You and some friends are trapped inside a rectangular room that is leaking water from the ceiling filling up the room with water. Picking up a small cubic gift box (6 inches in length) you time the box fills in exactly 3 minutes. While you were timing the filling of the box, your friends measured the room to be 10 feet x 12 feet x 8 feet (LxWxH). Assuming no water is seeping out of the room, determine how fast the water level in the room is rising the moment the water in the room is 5 feet deep.

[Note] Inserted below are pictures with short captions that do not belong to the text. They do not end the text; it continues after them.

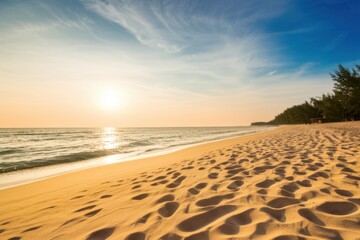 Golden Beach Sunrise Capturing Beauty Of Warm, Calm Ocean Scene With Yellow Sunlight On Sand Footprints And Bright Skies Showcase Natural Beauties Sun Kissed Glow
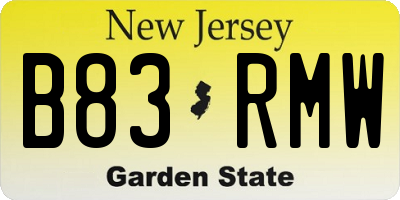 NJ license plate B83RMW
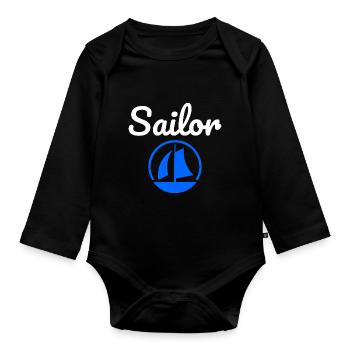 Matrose - Baby Bio-Langarm-Body - Schwarz - Vorne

This is a homework problem I have been stuck on for quite some time. I attached a picture of what I could work out. I would appreciate some help. Thank you.

 

[MarkFL]

Ignoring the water displaced by you and your friends, I would express the volume of water as the cuboid:

[MATH]V=w\ell h[/MATH]
And the width \(w\) and length \(\ell\) will be constant, we may differentiate with respect to time \(t\) to obtain:

[MATH]\frac{dV}{dt}=w\ell\frac{dh}{dt}[/MATH]
which implies:

[MATH]\frac{dh}{dt}=\frac{1}{w\ell}\frac{dV}{dt}[/MATH]
Using the information provided regarding how fast the gift box was filled, we know:

[MATH]\frac{dV}{dt}=\frac{6^3}{3}\frac{\text{in}^3}{\text{min}}[/MATH]
So, what do we find regarding the time rate of change of the depth of the water?

 

[thistleBranch]

Does this mean that
[MATH]\frac{dh}{dt} = \frac{1}{wl}(\frac{6^3}{3})\frac{in^3}{min}[/MATH]

 

[MarkFL]

Yes, plug in for the given width and length, then simplify to get some number in inches per minute.

 

[thistleBranch]

Thank you so much!